# TO DO
When you copy the data, keep every word exactly as it is and leave the pictures out.

▼

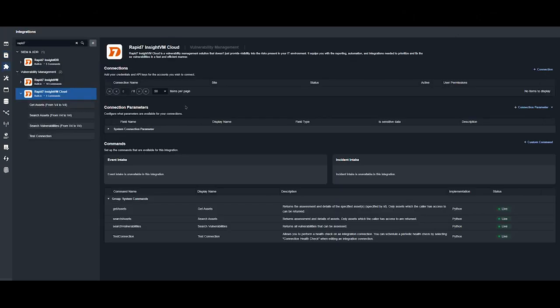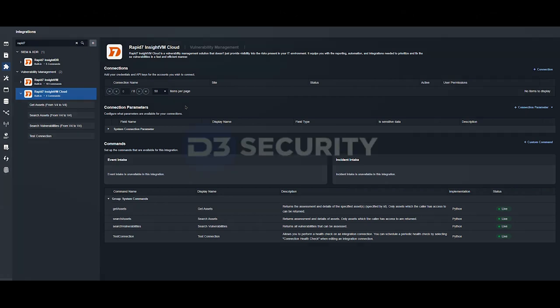Thank you for watching our quick overview of the integration between D3 SOAR and RAPID 7. For more information or for a demonstration on how you can use this integration in your playbooks, visit our website and contact one of our sales engineers.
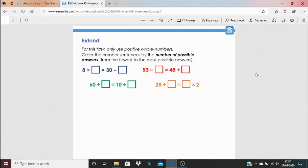If you have room for more thinking, here's the extend task — click the blue link underneath the video to find it. Using only positive whole numbers, order the number sentences by the number of possible answers from fewest to most. For each number sentence, work out how many possible answers there are, then order them. Good luck — answers are at the bottom. I'll be back again tomorrow, looking forward to it!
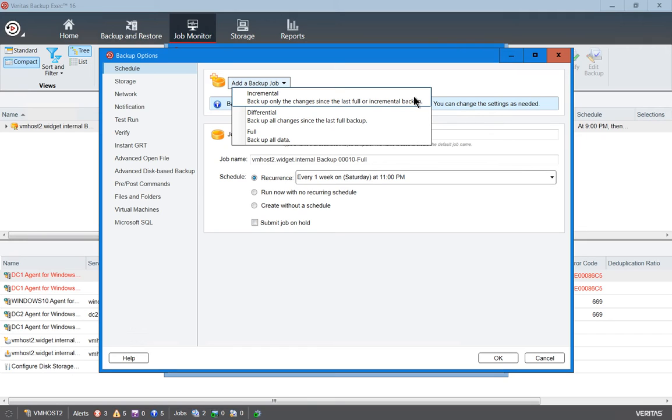The Sunday will only backup changes since Saturday, and the Saturday backup will only backup changes since last full backup.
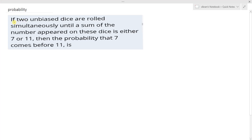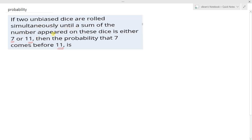A question from probability: if two unbiased dice are rolled simultaneously until the sum of the numbers appeared on these dice is either 7 or 11, then find the probability that 7 comes before 11. To solve these types of problems, first note that two unbiased dice are rolled — so what is the total sample space?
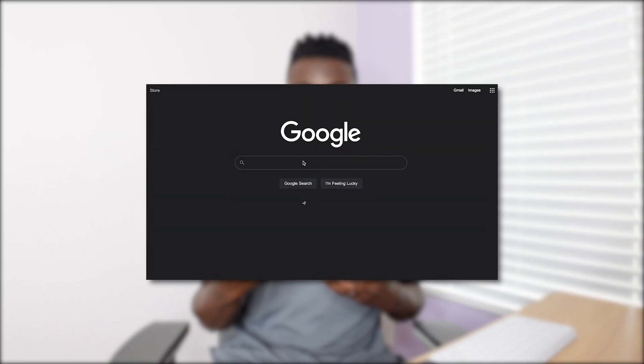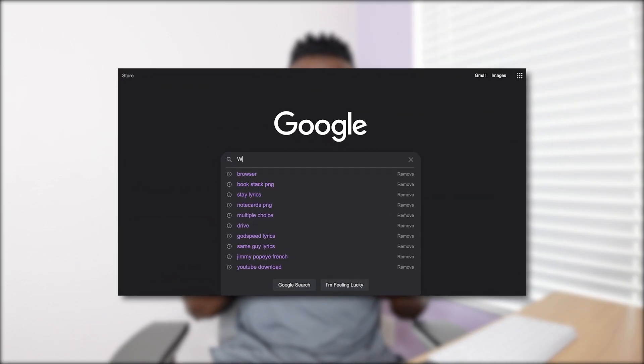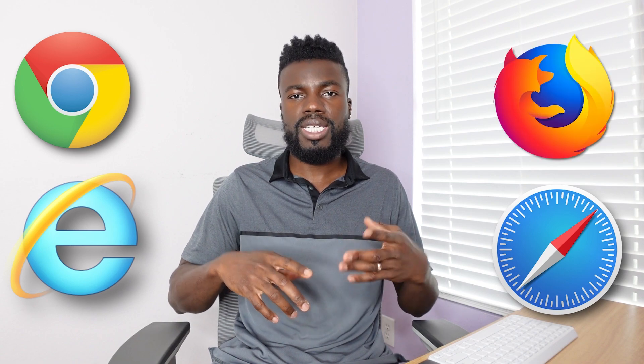Anytime that you get on the internet and you go to a website, you are actually using a browser. A browser is what you use to access the web. So examples of browsers are Chrome, Internet Explorer, Safari, Firefox, and others. Those are called browsers, and browsers are what you use to surf the web.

▲

# ANSWER TO THIS PROBLEM
Thank you for watching our quick overview of the integration between D3 SOAR and RAPID 7. For more information or for a demonstration on how you can use this integration in your playbooks, visit our website and contact one of our sales engineers.
If you have room for more thinking, here's the extend task — click the blue link underneath the video to find it. Using only positive whole numbers, order the number sentences by the number of possible answers from fewest to most. For each number sentence, work out how many possible answers there are, then order them. Good luck — answers are at the bottom. I'll be back again tomorrow, looking forward to it!
The Sunday will only backup changes since Saturday, and the Saturday backup will only backup changes since last full backup.
A question from probability: if two unbiased dice are rolled simultaneously until the sum of the numbers appeared on these dice is either 7 or 11, then find the probability that 7 comes before 11. To solve these types of problems, first note that two unbiased dice are rolled — so what is the total sample space?
Anytime that you get on the internet and you go to a website, you are actually using a browser. A browser is what you use to access the web. So examples of browsers are Chrome, Internet Explorer, Safari, Firefox, and others. Those are called browsers, and browsers are what you use to surf the web.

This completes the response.